**WORK TO COMPLETE**
The reply must contain exactly the lines below from the one with "You can change" down to the one with "You can turn", both included, and nothing more; please omit the pictures.

**MATERIAL TO PROCESS**

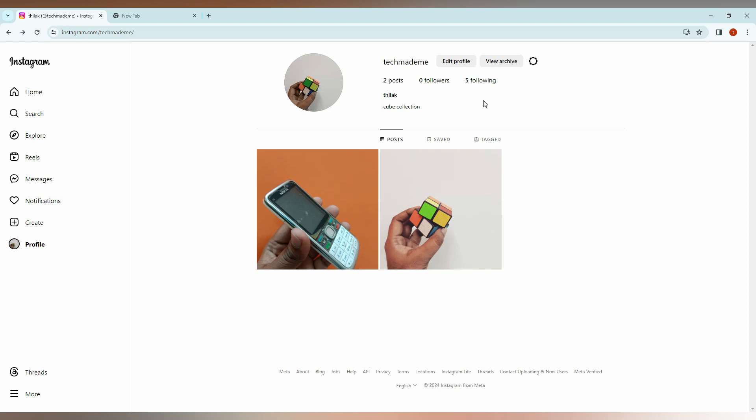So how to change the username on your Instagram from your computer? Actually, this is called 'name' - it's your original name. If you're running a page, you can use this username. This is where your page will be if you search for it.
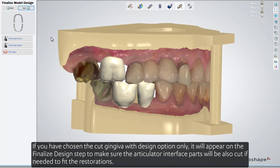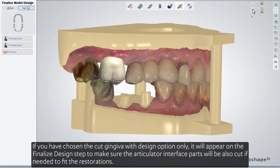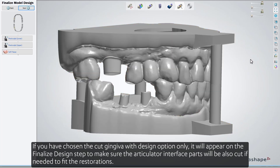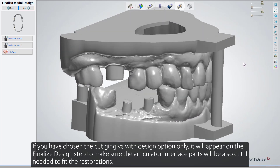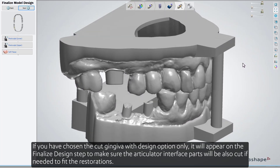If you have chosen the 'Cut Gingiva with Design' option only, it will appear on the finalized design step to make sure the articulator interface parts will also be cut if needed to fit the restoration.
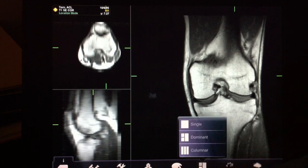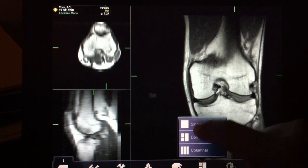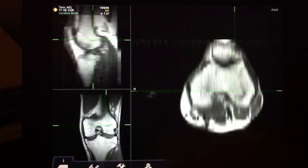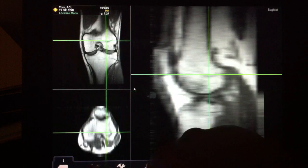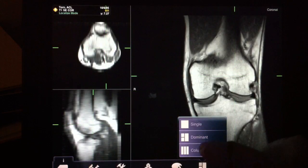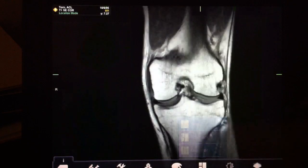You can change which of the three views is in the dominant position by rotating through like this, and you can go back to the single mode we started in.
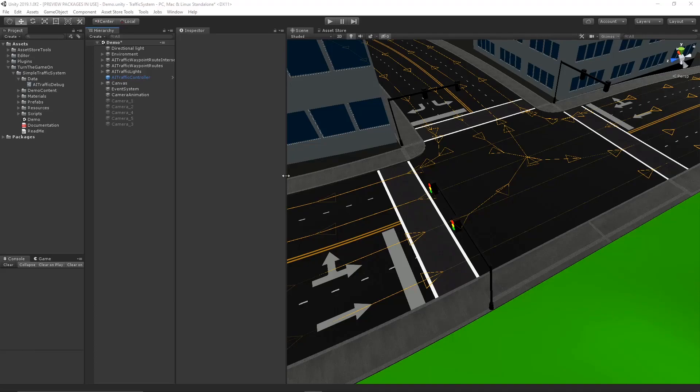Hello. In this video, we're going to take a look at a new tool that's available for Simple Traffic System.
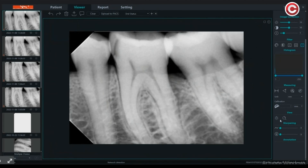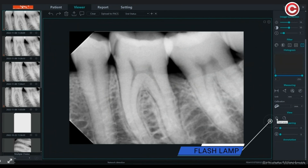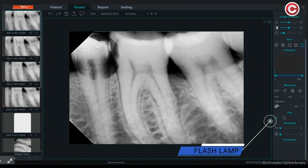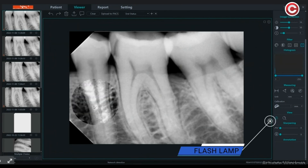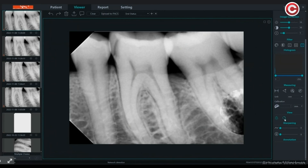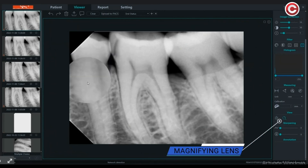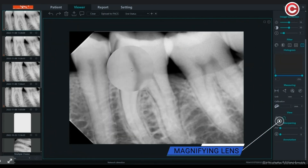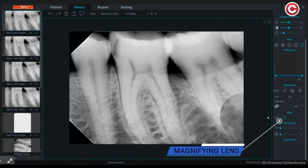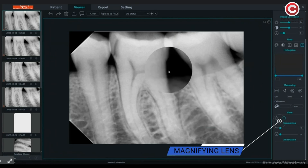You can turn on the flash lamp using this tool. Move your mouse anywhere in the image to see that portion illuminated. Similarly, when you choose the magnifying tool, you will find the targeted portion is magnified for closer inspection.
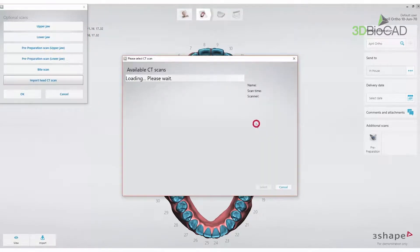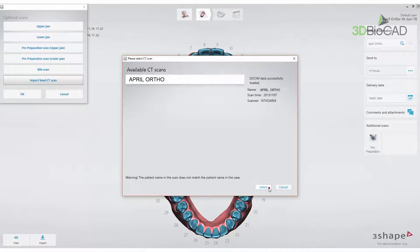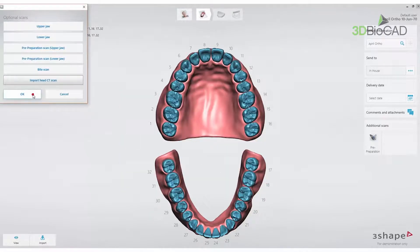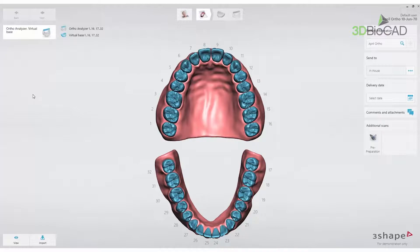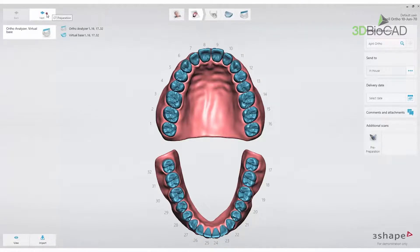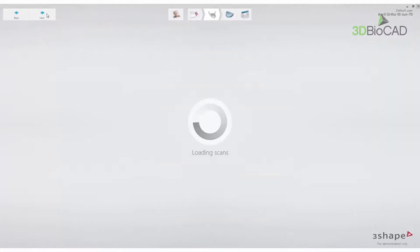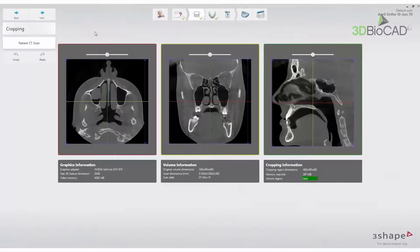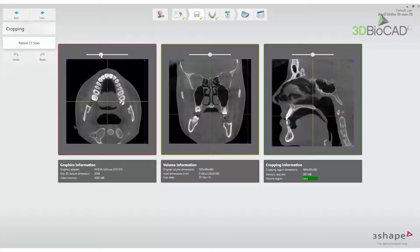When a case includes a CBCT Scan, the CT Preparation step will automatically be placed in the workflow bar. Press Next. The alignment of the intraoral scan and CBCT Scan starts with the cropping step, where you can reduce the CBCT Scan to a suitable size for OrthoAnalyser.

**ANSWER FOR THIS EXERCISE**
You can change which of the three views is in the dominant position by rotating through like this, and you can go back to the single mode we started in.
Hello. In this video, we're going to take a look at a new tool that's available for Simple Traffic System.
You can turn on the flash lamp using this tool. Move your mouse anywhere in the image to see that portion illuminated. Similarly, when you choose the magnifying tool, you will find the targeted portion is magnified for closer inspection.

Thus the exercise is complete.